Data for the task: Begin
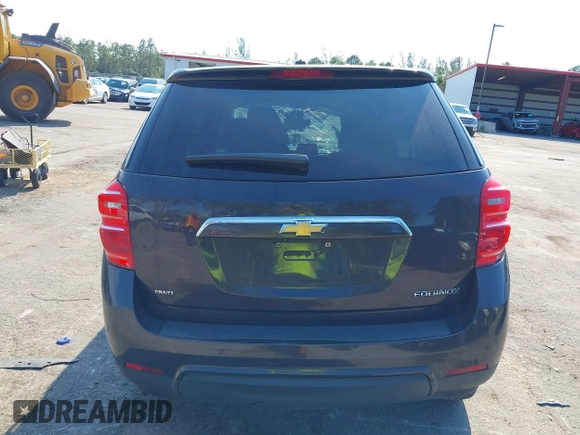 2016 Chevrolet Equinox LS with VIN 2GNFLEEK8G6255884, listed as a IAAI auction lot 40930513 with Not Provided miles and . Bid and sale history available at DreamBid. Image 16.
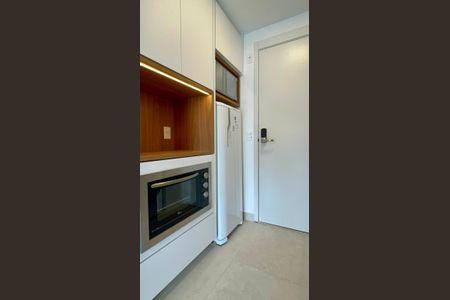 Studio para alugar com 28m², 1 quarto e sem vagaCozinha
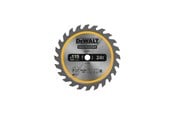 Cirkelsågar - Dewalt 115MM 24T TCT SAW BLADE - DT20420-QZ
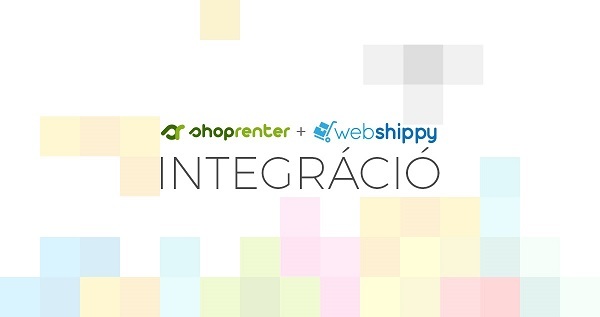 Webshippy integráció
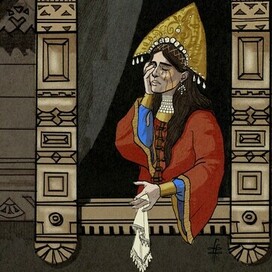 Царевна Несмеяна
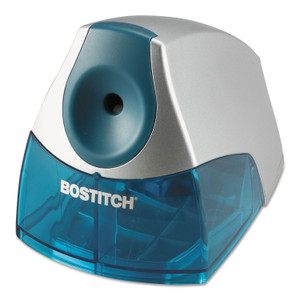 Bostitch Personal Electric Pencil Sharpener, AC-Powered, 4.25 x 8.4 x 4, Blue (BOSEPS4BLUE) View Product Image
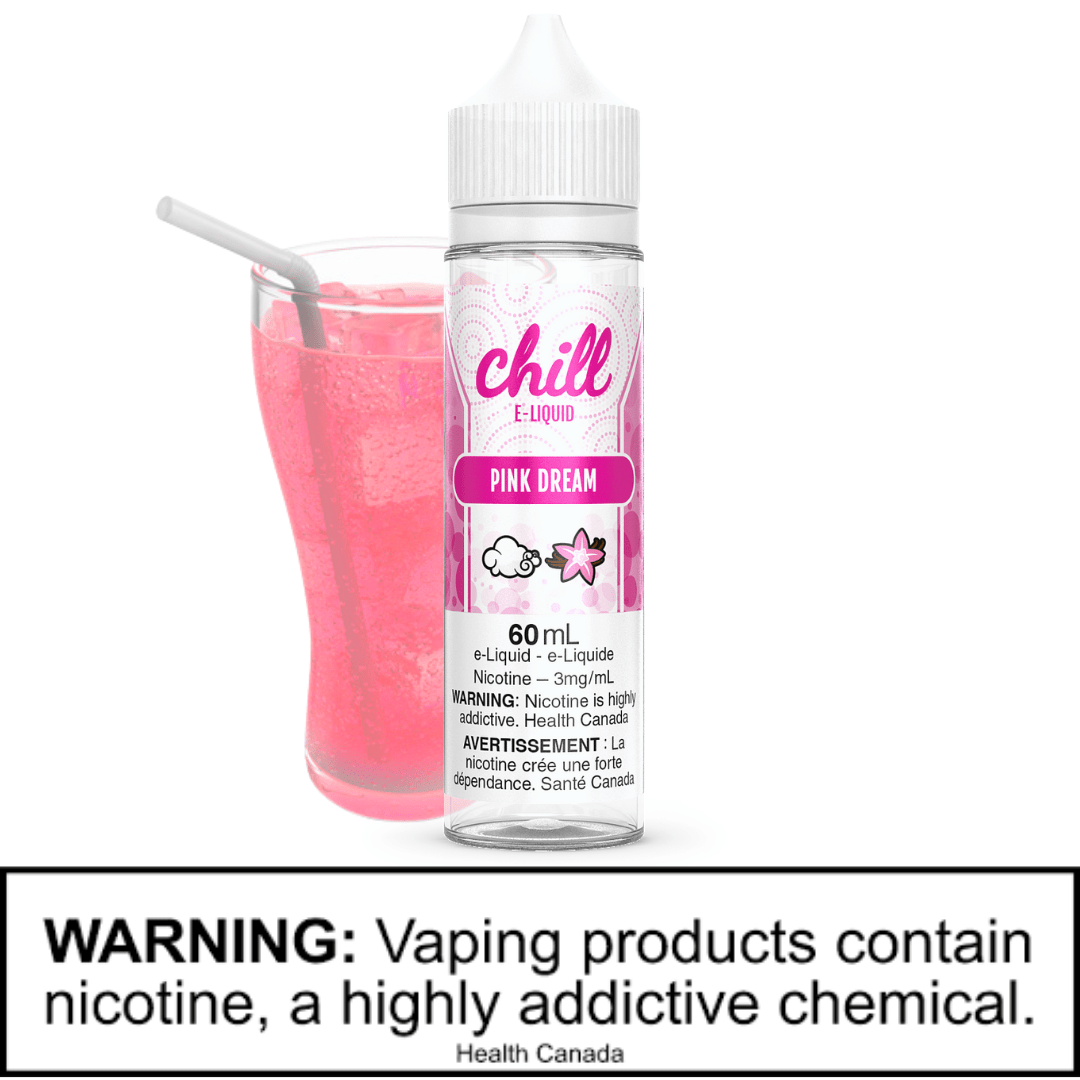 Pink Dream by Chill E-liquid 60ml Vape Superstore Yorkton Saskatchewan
Data for the task: End
Task brief => Pictures stay out. Copy exactly, and only, the lines from the one containing "Cirkelsågar - Dewalt" through the end of the data.

Output =>
 Cirkelsågar - Dewalt 115MM 24T TCT SAW BLADE - DT20420-QZ
 Webshippy integráció
 Царевна Несмеяна
 Bostitch Personal Electric Pencil Sharpener, AC-Powered, 4.25 x 8.4 x 4, Blue (BOSEPS4BLUE) View Product Image
 Pink Dream by Chill E-liquid 60ml Vape Superstore Yorkton Saskatchewan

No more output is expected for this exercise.